Comment sortir du culte de la performance ?
Olivier Hamant
www.tilt.fr/articles/comment-sortir-du-culte-de-la-performance-olivier-hamant

Et si on arrêtait de courir après la performance pour miser sur la robustesse ? Le biologiste Olivier Hamant alerte : le culte de l’ultra-performance de nos sociétés conduit au burn-out généralisé des êtres humains et des écosystèmes. La nature, elle, fonctionne bien différemment en privilégiant la robustesse – cette capacité à résister, coopérer et s’adapter malgré les différentes crises. Face aux défis environnementaux et sociaux qui s’amplifient, il devient urgent de changer de paradigme. 

Et si, au lieu de produire et de consommer toujours plus, nous apprenions à construire des systèmes capables de s’adapter, de coopérer et de se régénérer sur le long terme ? Comment penser une société qui valorise la robustesse ? On a interviewé Olivier Hamant sur le sujet !

Tilt – Qu’est-ce que la performance et en quoi ce modèle de société n’est-il pas viable ?

Olivier Hamant : La performance, c’est la somme de l’efficacité et de l’efficience. L’efficacité c’est atteindre son objectif, l’efficience c’est avec le moins de moyens possible. Donc quand on est performant, on se canalise. Il y a un adage zen qui le dit très bien : celui qui a atteint son objectif a manqué tous les autres. C’est une voie extractiviste, finalement. Enfin, on va essayer d’aller très, très loin, très, très vite, mais on oublie qu’il y a d’autres chemins. Dans notre monde actuel, c’est ça qu’on veut faire. L’intelligence artificielle, par exemple, c’est exactement ça. On veut d’abord arriver encore plus vite à produire des services, etc. Sans se poser la question de, mais, est-ce qu’il n’y aurait pas d’autres chemins pour faire la même chose ?

Quand on est dans une culture de la performance, on est dans une culture de la compétition. Dans une compétition, ceux qui gagnent, ce sont toujours les plus violents. Une culture de la performance, c’est une culture de la violence. Donc c’est pour ça qu’elle pose problème, la performance, c’est qu’on est allé tellement loin dans l’ultra-performance qu’on est en train de générer un burn-out des humains et des écosystèmes.

 

 

 

Qu’est-ce que la robustesse et pourquoi est-ce une alternative au modèle de la performance ?

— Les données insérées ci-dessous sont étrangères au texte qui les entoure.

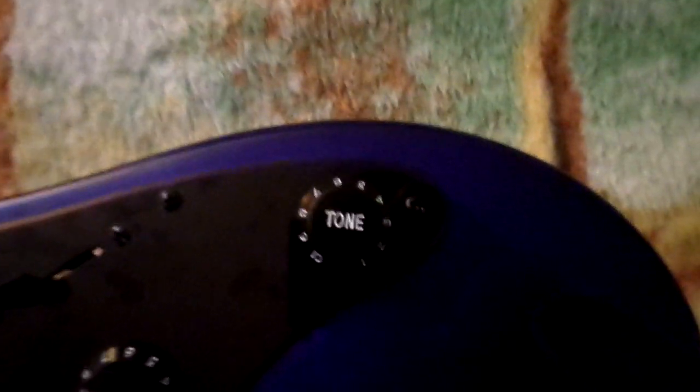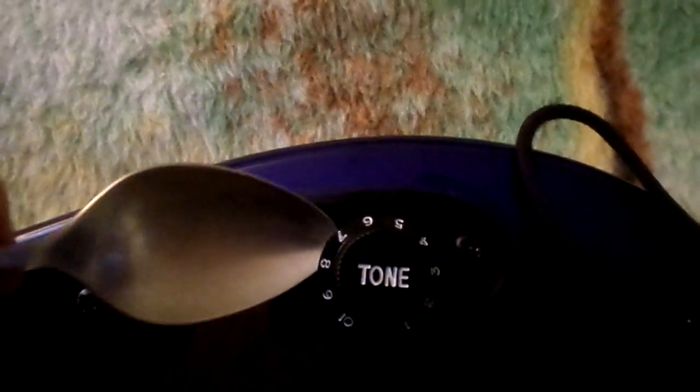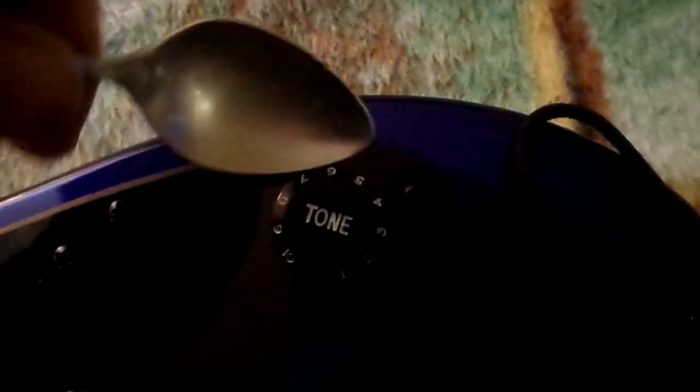Hi guys, just a real quick video on how to move guitar tone knobs. Real easy — all you need is a teaspoon, a very thin teaspoon if you got one. See if I can do this with one hand.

O.H. : La robustesse, c’est maintenir le système stable malgré les fluctuations. Un exemple, c’est le roseau dans le vent. Le roseau dans le vent, il est stable malgré les fluctuations et à plus long terme, c’est maintenir le système viable malgré les fluctuations. Donc le roseau, il grandit, se déforme, il change de forme, mais il est capable de gérer des changements de salinité, d’eau, de température.

La robustesse, ça répond aussi à une pulsion humaine profonde qui est celle de durer et de transmettre. Les êtres vivants, ils sont robustes avant d’être performants.

On la trouve dans le vivant. Les êtres vivants, c’est un livre ouvert de robustesse. Et puis, la robustesse, on la trouve dans tous les systèmes. C’est ça qui est extraordinaire, c’est que le vivant n’est juste qu’une incarnation de la robustesse, mais on peut les trouver dans des systèmes techniques, par exemple.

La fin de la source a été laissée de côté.